Operating and building pipeline infrastructure affects many along the route, and Trans Mountain recognizes the potential impact to its neighbours and communities in proximity to operating areas.
Trans Mountain works with landowners along its pipeline network. A key objective is to treat each landowner fairly and equitably. For those who may be directly affected by the proposed expansion project, Trans Mountain will identify and address landowners’ concerns and questions about the project. These landowners will then work with the Lands Teams to reach jointly equitable solutions.
The National Energy Board (NEB) has produced a guide for landowners and the public that provides details about the regulatory process governing pipeline projects. This information is available on the NEB website.
In cases where Trans Mountain is unable to reach a mutually agreeable settlement with a landowner, the NEB will provide a multi-step process to address differences of opinions as part of the routing review and approval process.

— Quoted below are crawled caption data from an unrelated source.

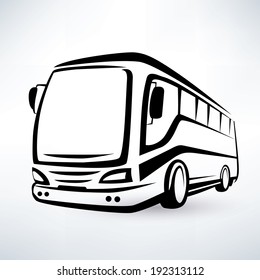 modern bus symbol, outlined vector icon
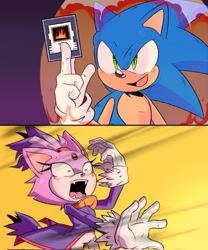 Size: 1707x2048 | Tagged: safe, artist:twistedsuid, blaze the cat, sonic the hedgehog, monitor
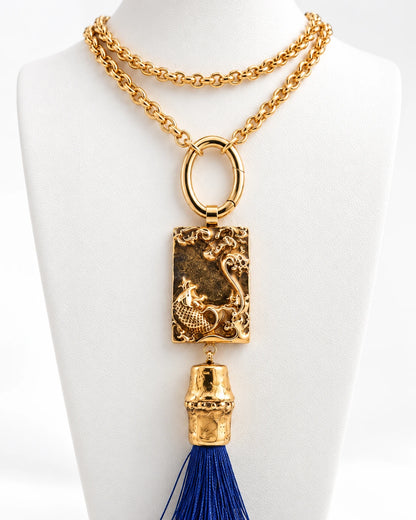 Koi carp necklace with bamboo element and silk tassels of various colors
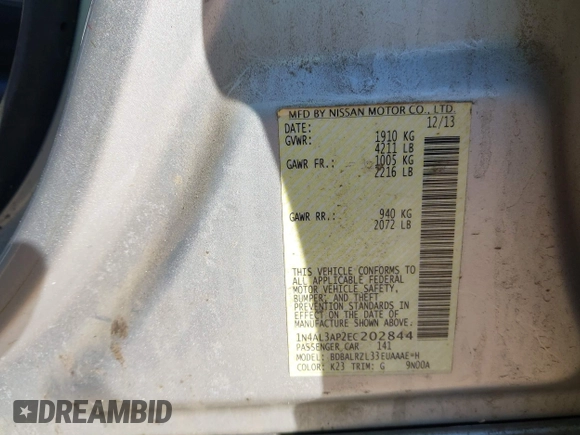 2014 Nissan Altima SV with VIN 1N4AL3AP2EC202844, listed as a IAAI auction lot 41880925 with 115,563 mi miles and . Bid and sale history available at carsss.com. Image 9.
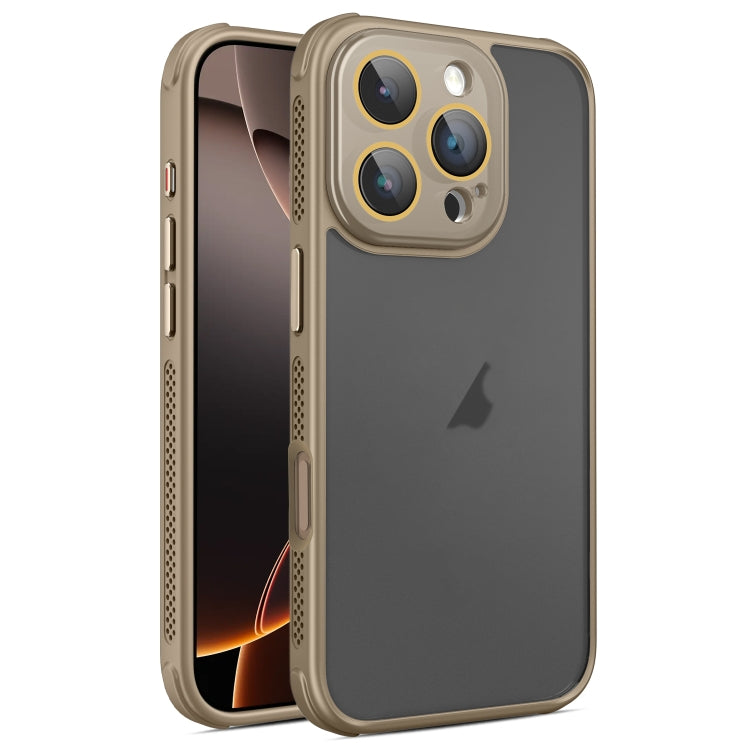 Hardware Side Cooling Skin Feel Frosted Phone Case with Lens Film, For iPhone 16 Pro Max, For iPhone 16 Pro, For iPhone 16 Plus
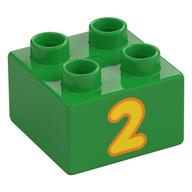 Деталь LEGO Duplo Brick 2 x 2 with Yellow '2' Print, Ярко-зеленый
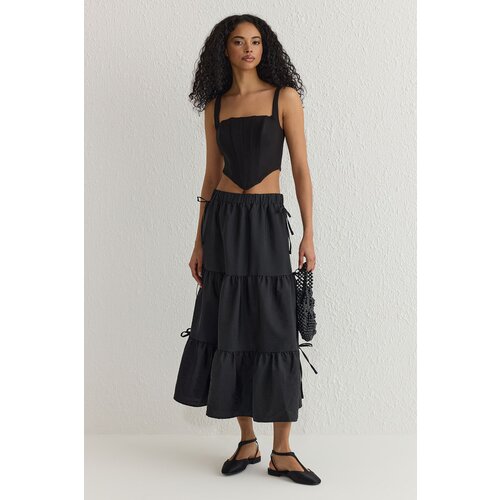 Trendyol Black Parachute Fabric Ribbon Detail A-line Maxi Length Woven Skirt Slike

It is important to note that pipeline companies such as Trans Mountain do not have the right to expropriate land from landowners. Expropriation is a legal term that conveys the right of an entity to take private property for a purpose deemed to be in the public interest, even though the owner of the property may not be willing to sell it. Expropriation is sometimes used by agencies such as municipalities to take private land for a fee for public use such as a roadway. Our objective is to not displace anyone from their home or business as a result of the proposed Trans Mountain expansion project.